**SUPPLIED RECORDS**.
☆ ☆ ☆ ☆
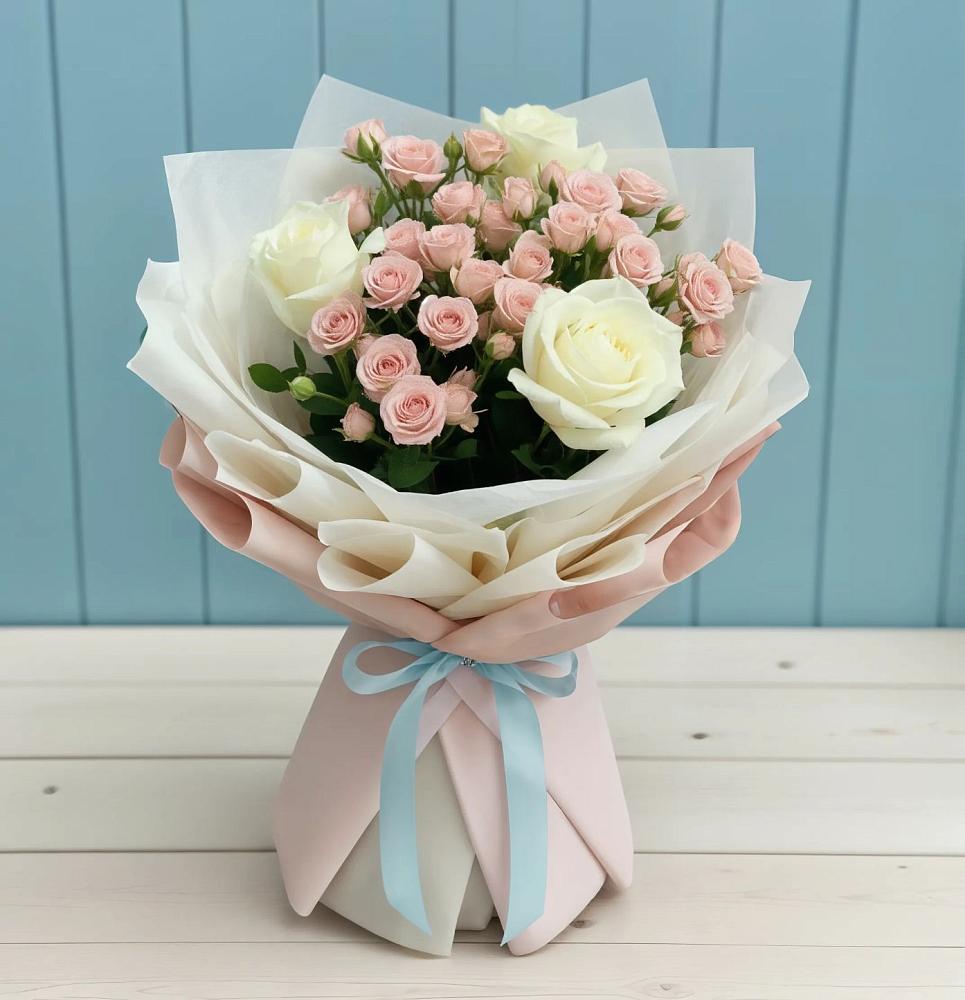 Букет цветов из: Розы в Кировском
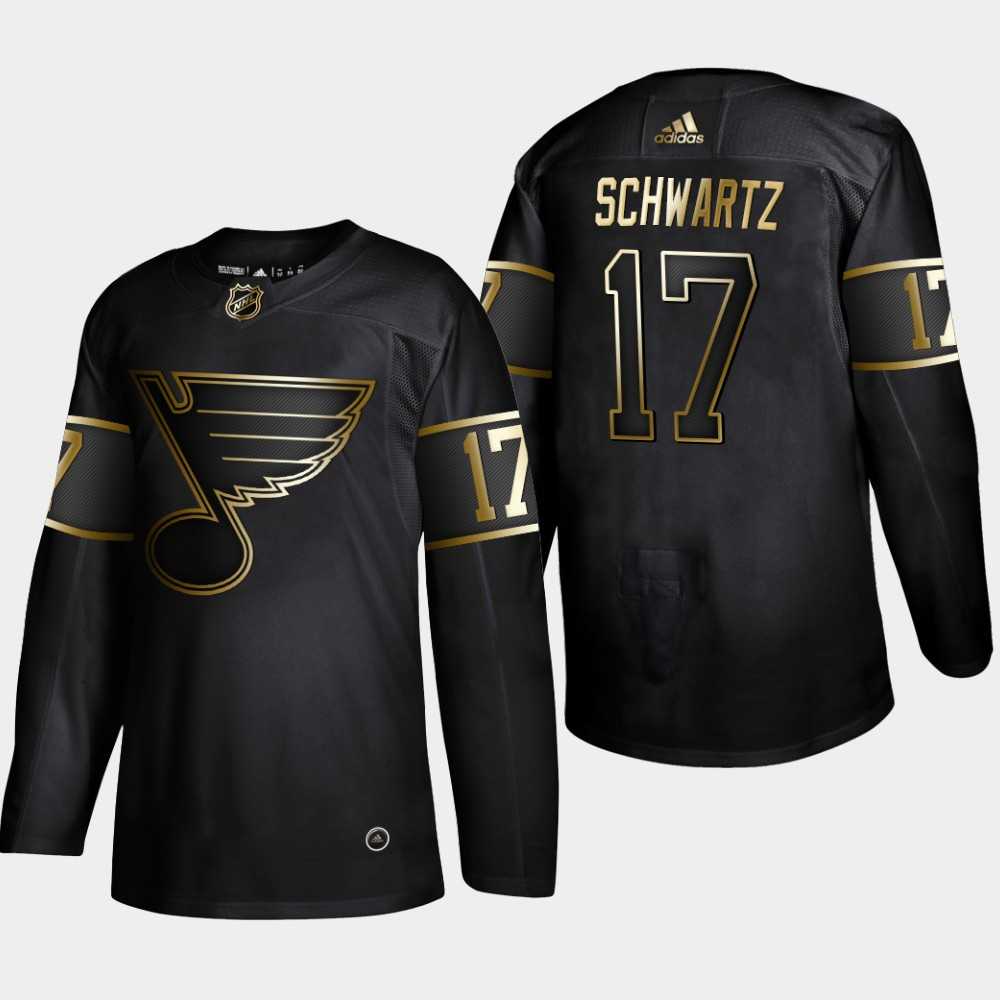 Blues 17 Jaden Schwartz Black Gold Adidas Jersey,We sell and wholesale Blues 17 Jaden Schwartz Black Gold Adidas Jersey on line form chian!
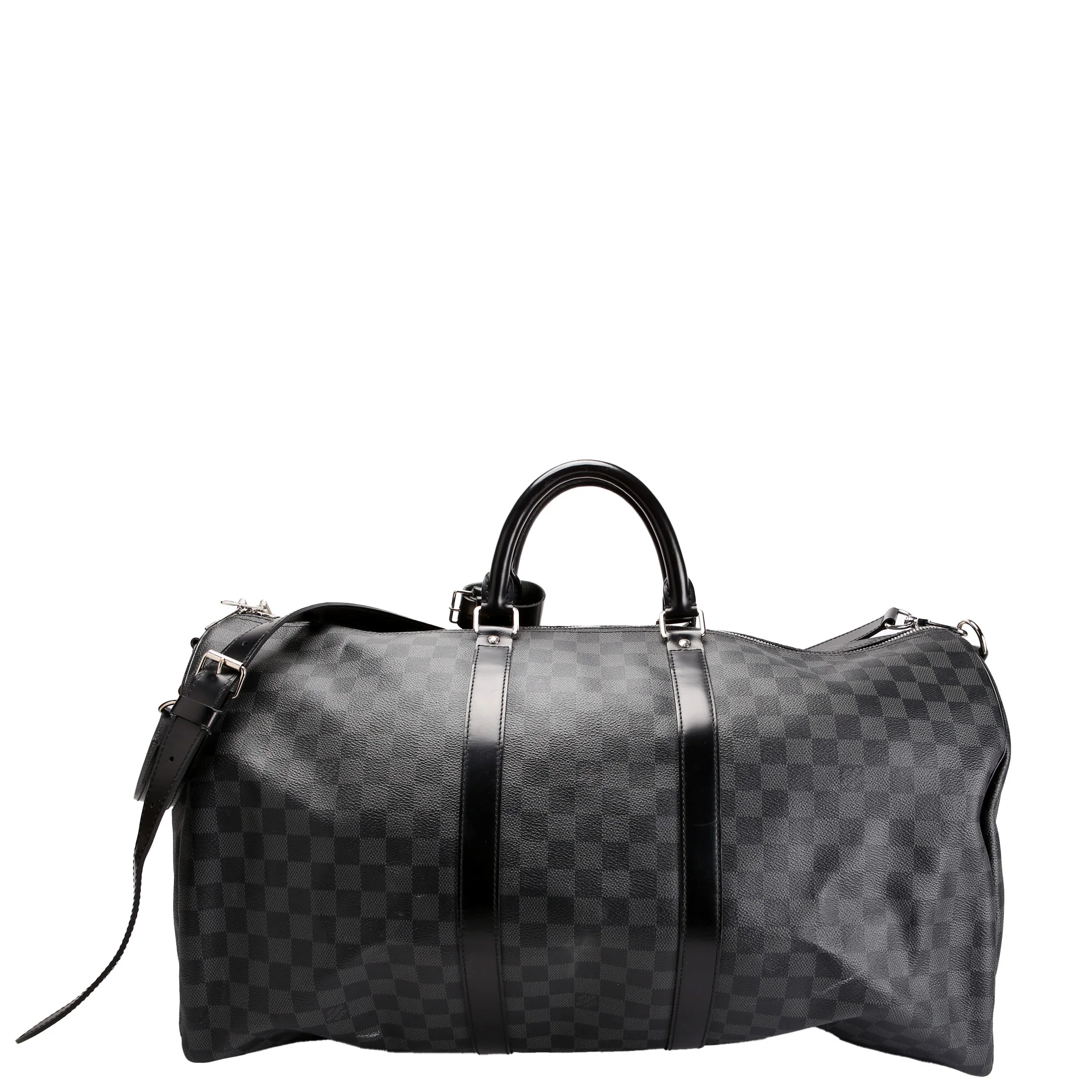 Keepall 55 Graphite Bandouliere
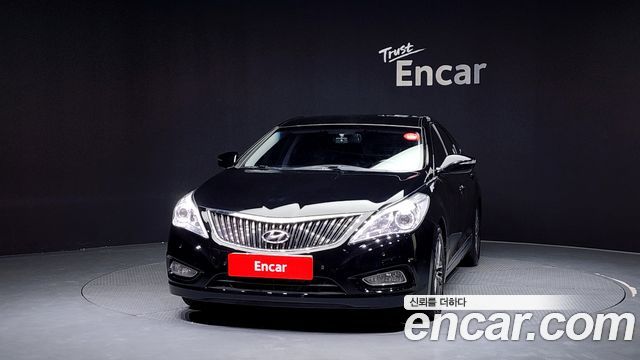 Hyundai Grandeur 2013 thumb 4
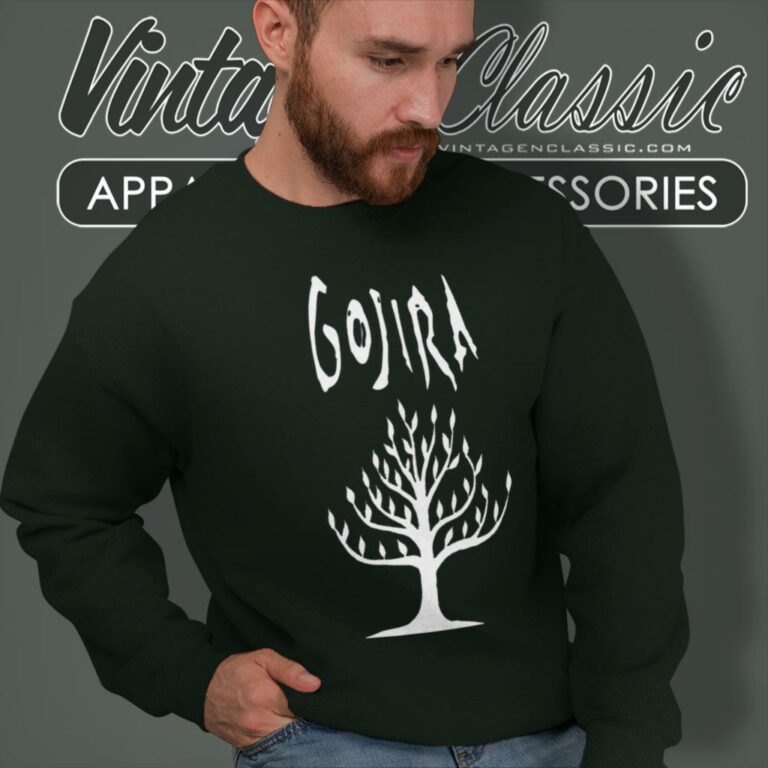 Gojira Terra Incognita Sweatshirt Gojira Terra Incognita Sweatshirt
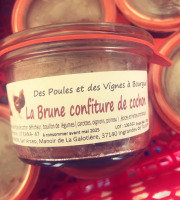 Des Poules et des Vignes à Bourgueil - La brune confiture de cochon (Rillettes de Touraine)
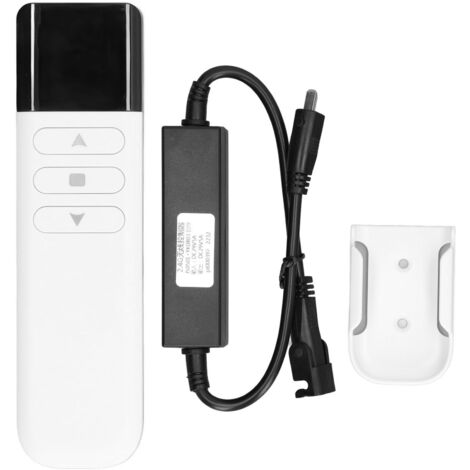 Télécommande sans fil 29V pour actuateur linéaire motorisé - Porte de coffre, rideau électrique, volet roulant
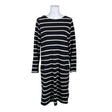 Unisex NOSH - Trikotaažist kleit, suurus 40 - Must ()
☆ ☆ ☆ ☆
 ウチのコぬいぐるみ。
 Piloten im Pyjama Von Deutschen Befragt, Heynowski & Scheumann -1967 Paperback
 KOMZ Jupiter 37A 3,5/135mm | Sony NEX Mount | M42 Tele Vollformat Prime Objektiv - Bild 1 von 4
☆ ☆ ☆ ☆
**ABOUT THIS EXERCISE**.
An exact copy is needed of the stretch above that opens with the line containing "Букет цветов из: Розы в Кировском" and closes with the line containing "Unisex NOSH - Trikotaažist"; the pictures are not part of it.

**THE COMPLETED TASK**.
 Букет цветов из: Розы в Кировском
 Blues 17 Jaden Schwartz Black Gold Adidas Jersey,We sell and wholesale Blues 17 Jaden Schwartz Black Gold Adidas Jersey on line form chian!
 Keepall 55 Graphite Bandouliere
 Hyundai Grandeur 2013 thumb 4
 Gojira Terra Incognita Sweatshirt Gojira Terra Incognita Sweatshirt
 Des Poules et des Vignes à Bourgueil - La brune confiture de cochon (Rillettes de Touraine)
 Télécommande sans fil 29V pour actuateur linéaire motorisé - Porte de coffre, rideau électrique, volet roulant
 Unisex NOSH - Trikotaažist kleit, suurus 40 - Must ()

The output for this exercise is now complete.